**Supplied records:**
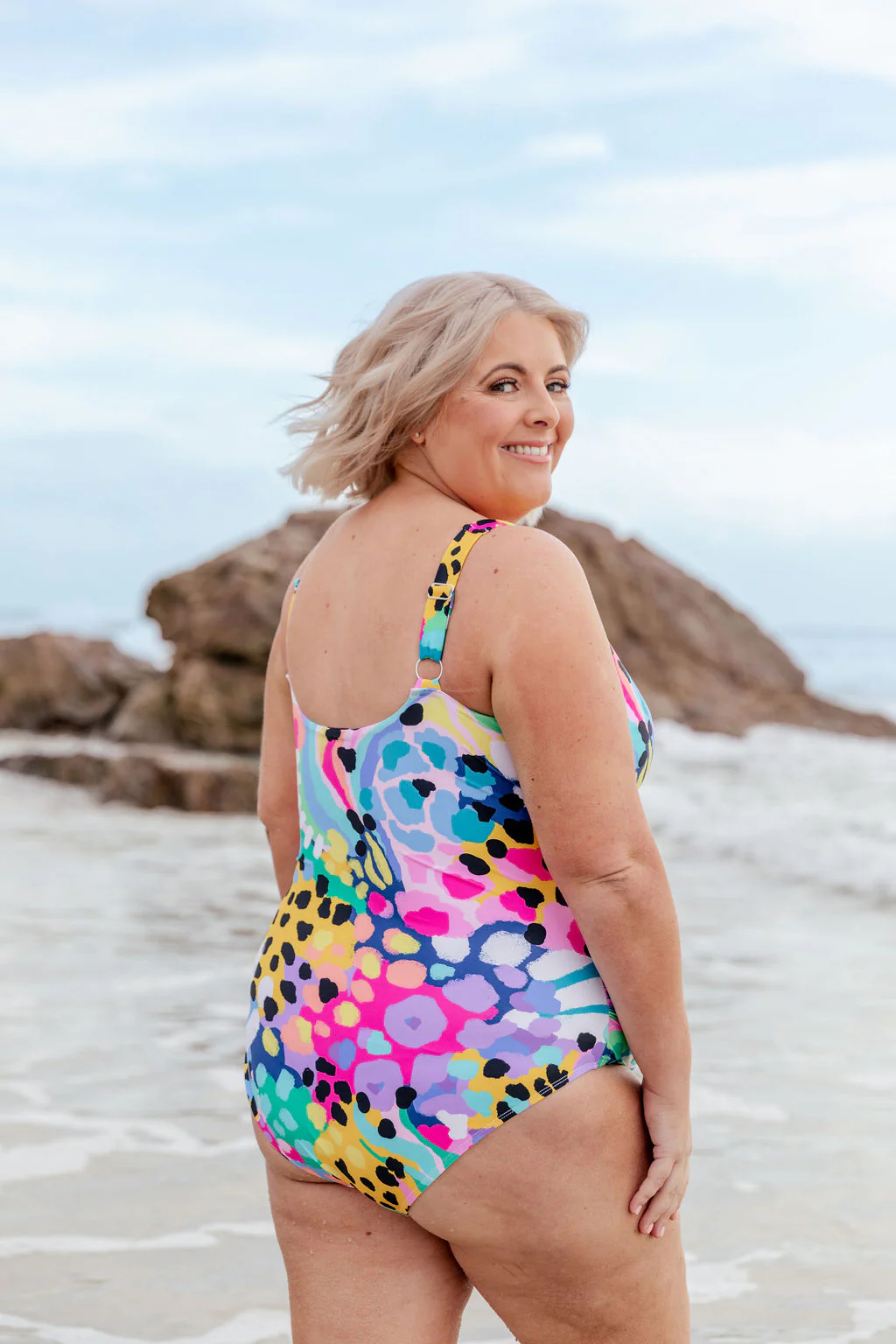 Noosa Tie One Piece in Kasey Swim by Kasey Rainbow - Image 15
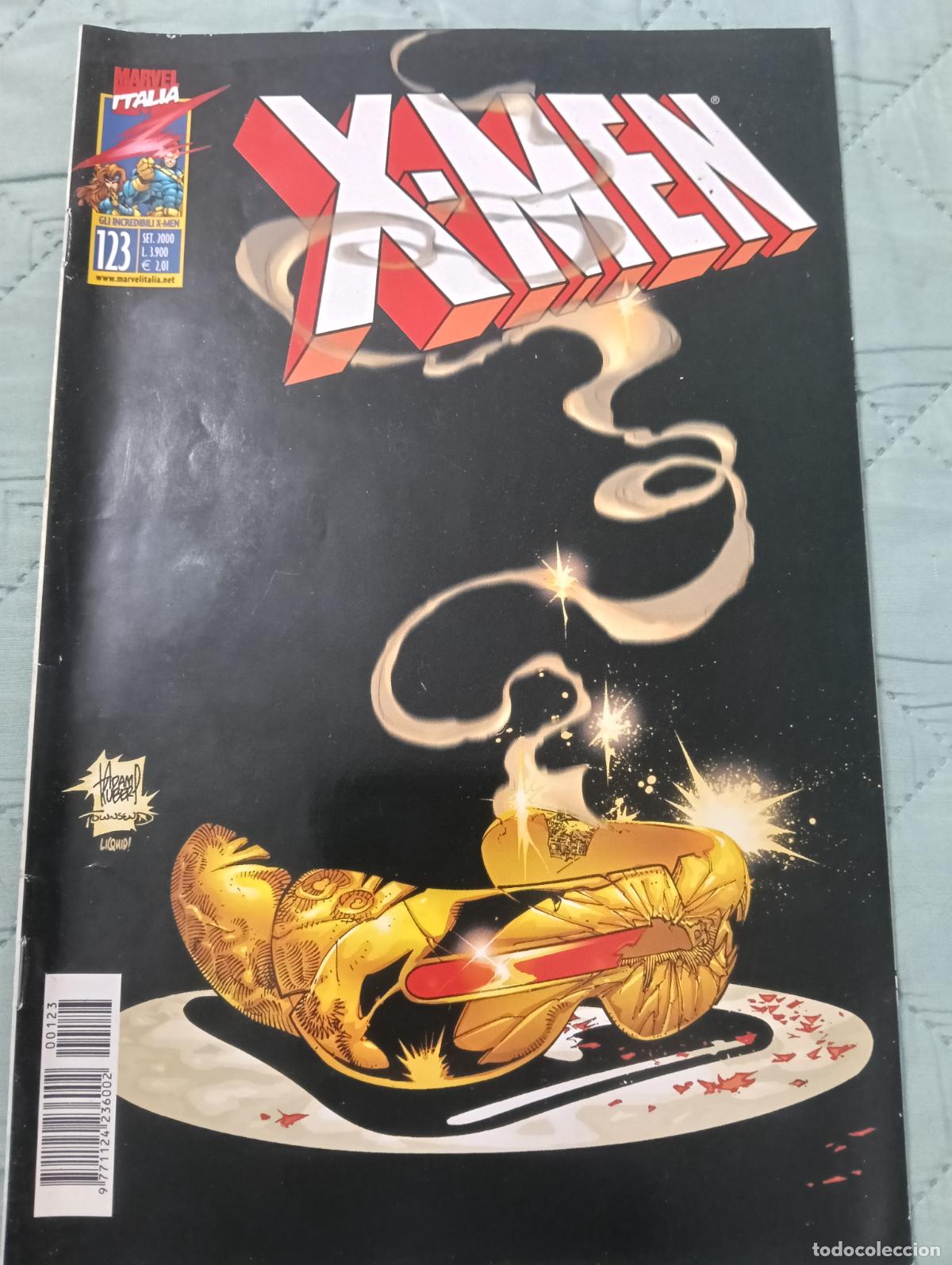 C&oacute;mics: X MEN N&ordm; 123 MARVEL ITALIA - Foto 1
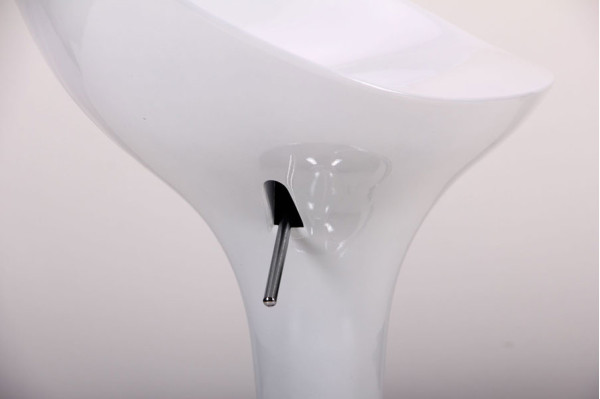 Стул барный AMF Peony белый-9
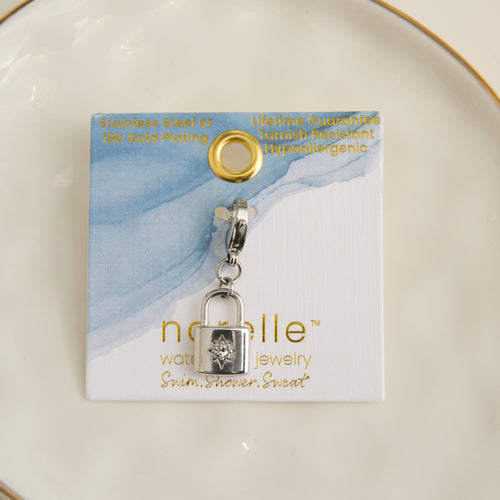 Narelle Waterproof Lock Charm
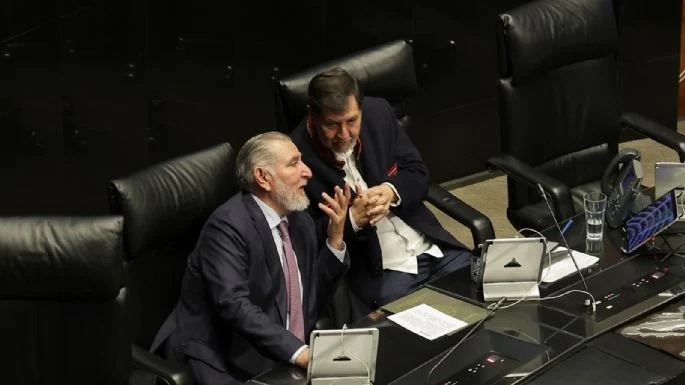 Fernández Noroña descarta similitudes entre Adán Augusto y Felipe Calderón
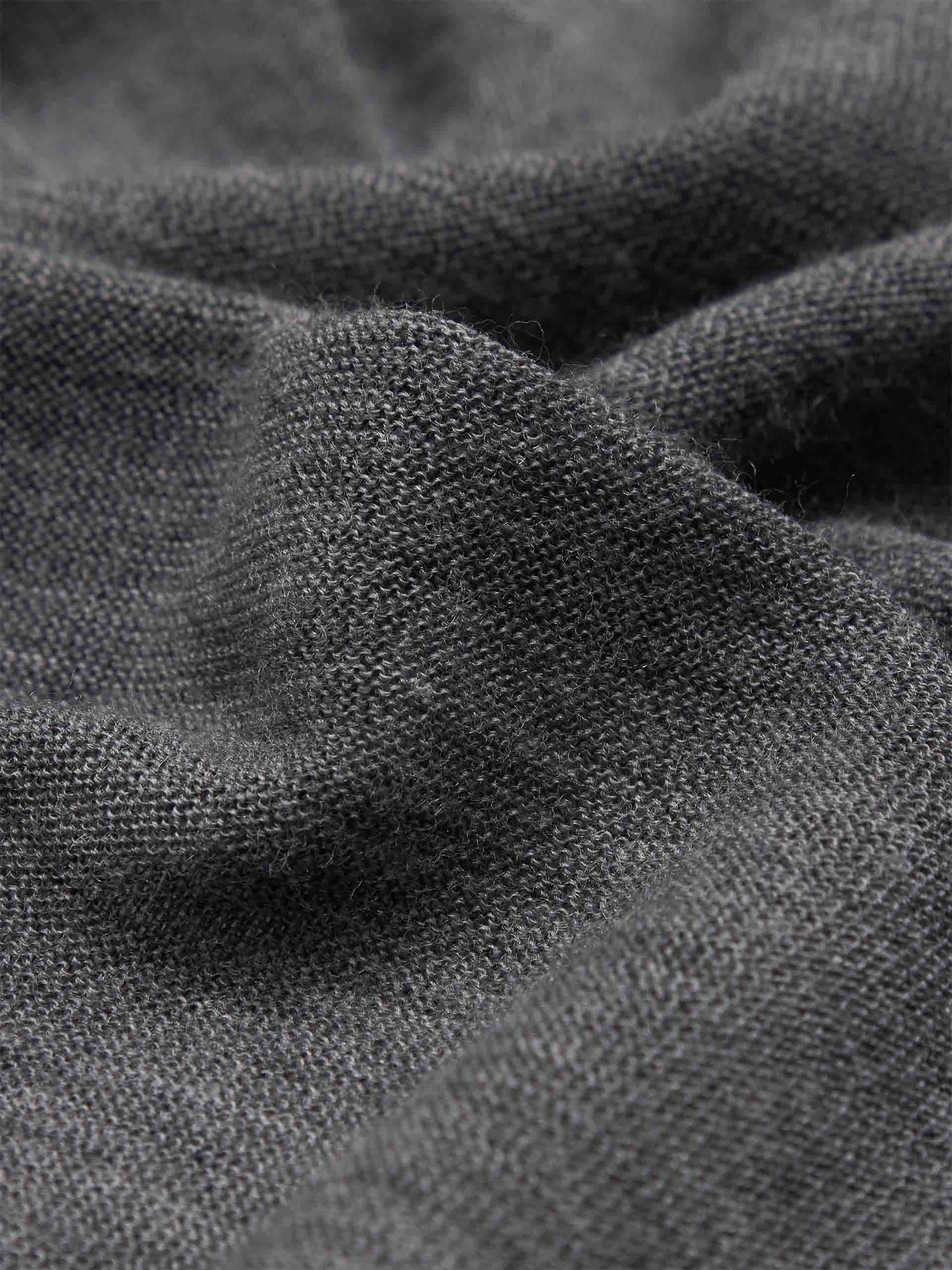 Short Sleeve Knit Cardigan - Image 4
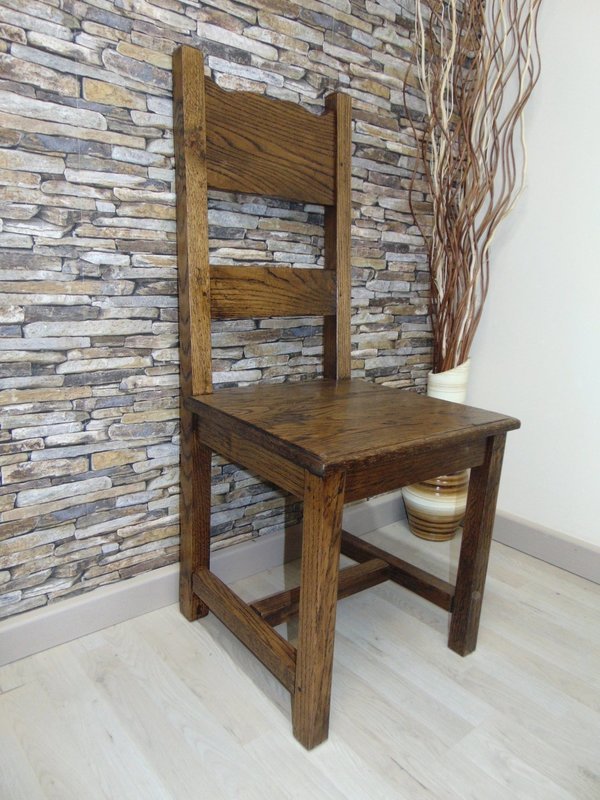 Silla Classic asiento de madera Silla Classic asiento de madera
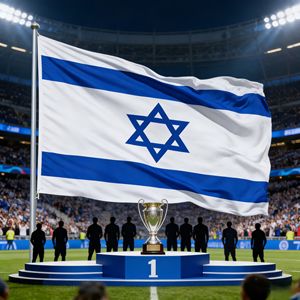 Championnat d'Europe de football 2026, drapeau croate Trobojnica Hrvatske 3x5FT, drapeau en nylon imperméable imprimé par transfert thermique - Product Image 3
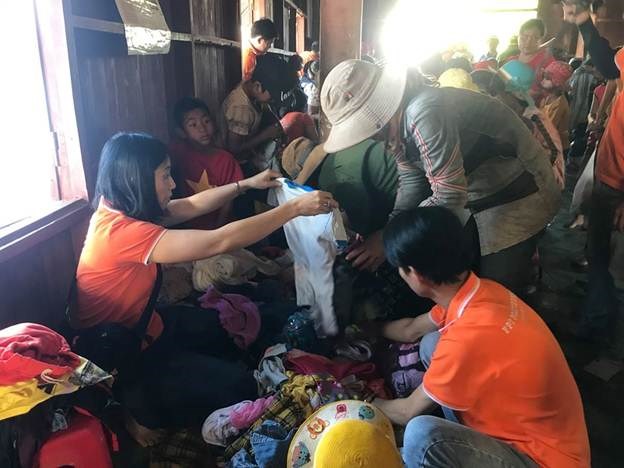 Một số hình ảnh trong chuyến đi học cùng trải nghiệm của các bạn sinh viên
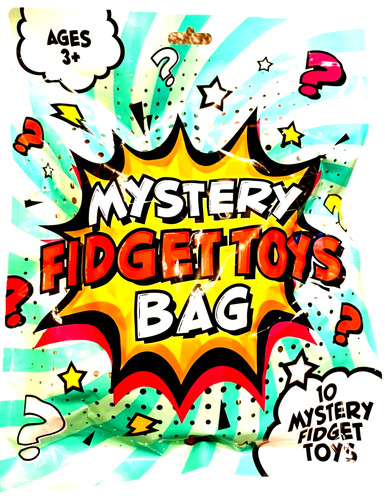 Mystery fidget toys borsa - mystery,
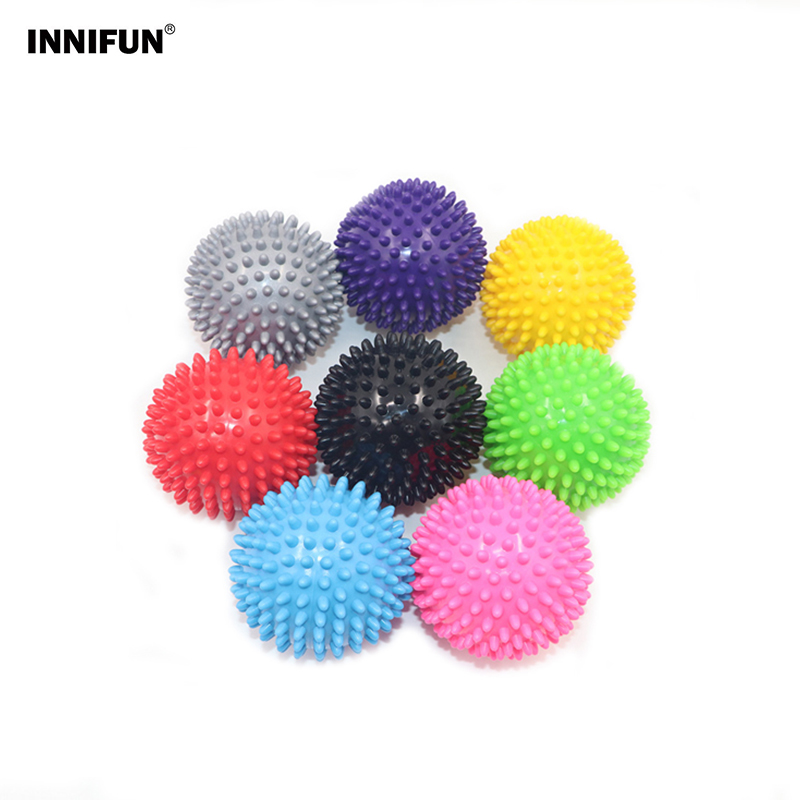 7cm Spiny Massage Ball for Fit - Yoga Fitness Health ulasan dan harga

**Work request:**
Nothing should appear in the reply except the lines from the start of the listing above through the line with "Short Sleeve Knit Cardigan - Image 4", repeated exactly and free of pictures.

**Answer for this exercise:**
 Noosa Tie One Piece in Kasey Swim by Kasey Rainbow - Image 15
 C&oacute;mics: X MEN N&ordm; 123 MARVEL ITALIA - Foto 1
 Стул барный AMF Peony белый-9
 Narelle Waterproof Lock Charm
 Fernández Noroña descarta similitudes entre Adán Augusto y Felipe Calderón
 Short Sleeve Knit Cardigan - Image 4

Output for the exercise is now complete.